一方で、その影響力は諸刃の剣でもあります。
- 情報の真偽が確定する前に拡散される
- 当事者の反論や弁明が届かない
- 社会的制裁が先行し、後戻りできない
デスドルノートは「問題を可視化する力」と「暴走する危険性」を同時に持つ存在と言えます。
デスドルノートに代表される暴露系アカウントや、学校内のいじめ動画拡散には共通点があります。

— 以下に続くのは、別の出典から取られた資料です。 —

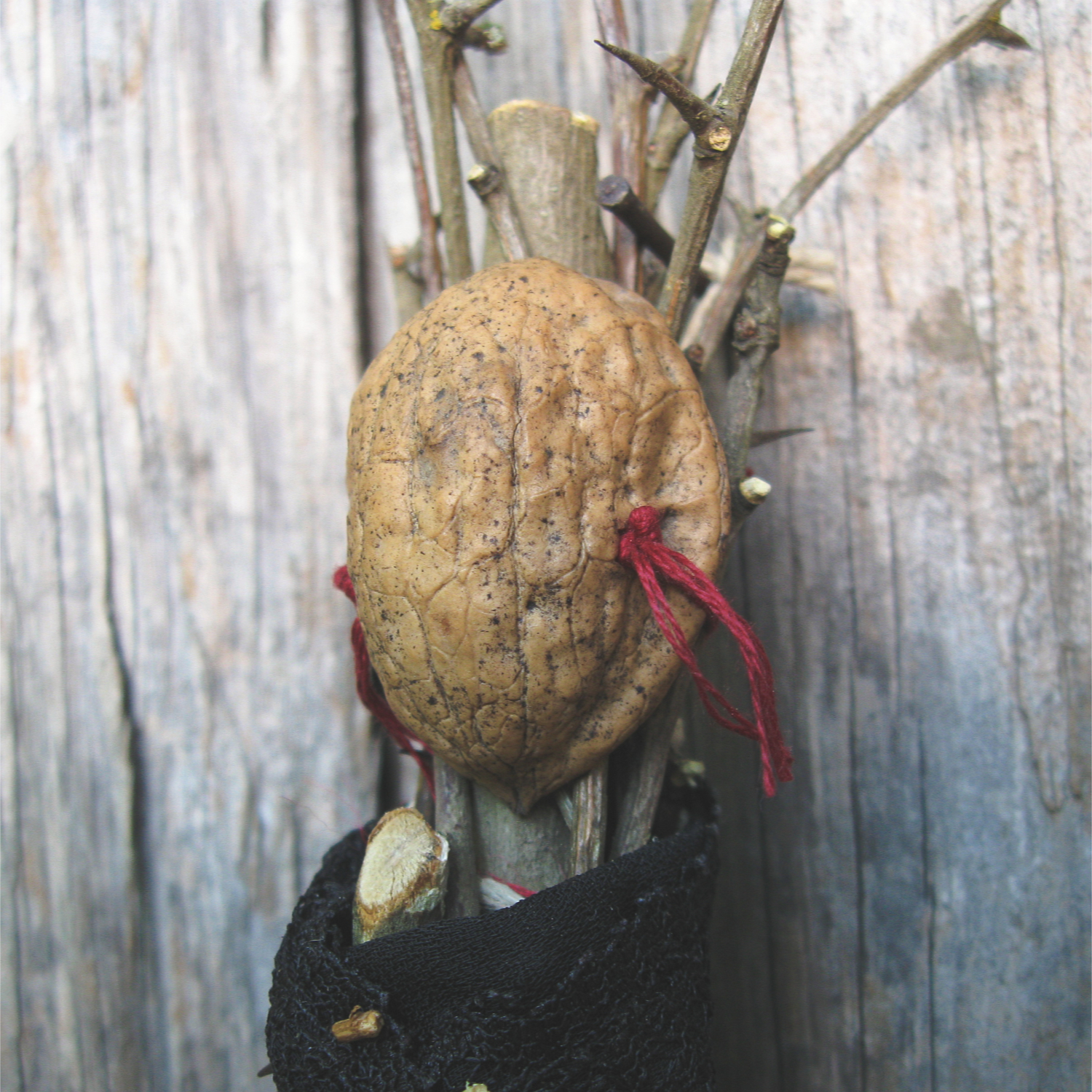 close up of a spirit doll with half of an empty walnut for a face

- 本来は内部で処理・救済されるべき問題が外部化されている
- 公的機関が動かない、もしくは動きが極端に遅い
- SNS上で一気に可視化・炎上する
- 結果として、学校・教育委員会・警察・メディアが動かざるを得なくなる
つまり、制度が果たすべき役割をSNSが代替している状態です。
「是」とされる理由|結果として社会が動いた
肯定的に捉えられる最大の理由は、次の一点に集約されます。
結果として、隠蔽されていた問題が表に出て、社会が動いた
実際、次のようなケースは珍しくありません。
- 何年も訴えられていたいじめが放置されていた
- 内部調査という名のもとで事実が矮小化されていた
- 警察は「事件性なし」と判断していた
- メディアは裏が取れないとして報道を控えていた
しかしSNSで拡散された瞬間、
- 第三者委員会が設置される
- 再調査が始まる
- 警察が本格的に捜査に動く
- 全国ニュースとして報道される
この現実を見て、多くの人がこう感じます。
「最初からちゃんと対応していれば、拡散なんて必要なかったのではないか」
「非」とされる理由|私刑と冤罪のリスク
一方で、重大な問題点も存在します。
真偽が確定する前に拡散される
- 動画の一部だけが切り取られる
- 文脈や前後関係が省かれる
- 誤解やデマが混じる
それでも拡散は止まりません。
誰が裁いているのか分からない
- 裁く側は匿名
- 判断基準は不透明
- 間違っても訂正されにくい
これは法治ではなく、私刑に近い構造です。
無関係な人まで巻き込まれる
- 家族や同級生
- 別の学校・無関係な人物
- 名前が似ているだけの第三者
一度拡散された情報は、完全に消すことはできません。
「いじめ」という言葉では足りない実態
ここで、あえて強調しておくべき点があります。
SNSで拡散される事案の多くは、一般に「いじめ」と表現されていますが、
その実態は、いじめという言葉では到底収まらないものが大半です。
実際に投稿・拡散されている動画や証言の中身は、
- 複数人による長時間の暴行
- 抵抗不能な状況での殴打・蹴り
- 精神的に追い込むための脅迫や強要
- 撮影・共有を前提とした辱め行為
など、悪質で陰湿、かつ残虐と呼ぶべき内容が目立ちます。
これらは単なる「いじめ」ではなく、
刑法上の暴行罪・傷害罪に該当し得る行為であり、
本来は学校内の指導や教育の範疇を明確に超えています。
それにもかかわらず、
- 学校は「いじめ事案」として矮小化し
- 教育委員会は内部処理にとどめ
- 警察は事件性を認めない
という対応が繰り返されてきました。
この言葉のすり替えこそが、問題を深刻化させています。
被害者はなぜSNSに向かうのか
ここで重要なのは、
被害者がSNSを「選んでいる」のではないという点です。
多くの場合、順番はこうです。
- 学校に相談
- 教育委員会に相談
- 警察に相談
- それでも動かない
結果として、
SNSにしか反応してくれる場所が残っていなかった
という状態に追い込まれています。
これは承認欲求ではなく、救済の最後の手段としての行動です。
SNSは正義の装置か、それとも圧力装置か
SNSは決して「正義」を判断する場ではありません。
しかし現実には、
- 法よりも
- 事実認定よりも
- 世論と炎上
が、組織を動かしている側面があります。
「正しいから動いた」のではなく、
「燃えたらまずいから動いた」
この逆転現象こそが、問題の本質です。
是か非かを分ける問い
ここで、読者に問いを投げかけます。
- 公的機関が機能していない状況で、被害者は沈黙すべきか
- 拡散しなければ救われない現実を、誰が作ったのか
- 動かない制度と、暴走しやすいSNS、どちらがより危険なのか
- あなたが当事者だった場合、他に選択肢はあるのか
結論を出さないという結論
デスドルノートやいじめ動画拡散は、
- 無条件に「是」と言えるものではない
- しかし単純に「非」と切り捨てられるものでもない
それは、
本来機能すべき制度が壊れている社会の鏡だからです。
もし学校・教育委員会・警察・メディアが
最初から誠実に、迅速に動いていれば、
この問い自体が生まれることはなかったでしょう。
是か非か。
その答えは、SNSの向こう側ではなく、
私たちが許容してきた社会のあり方の中にあります。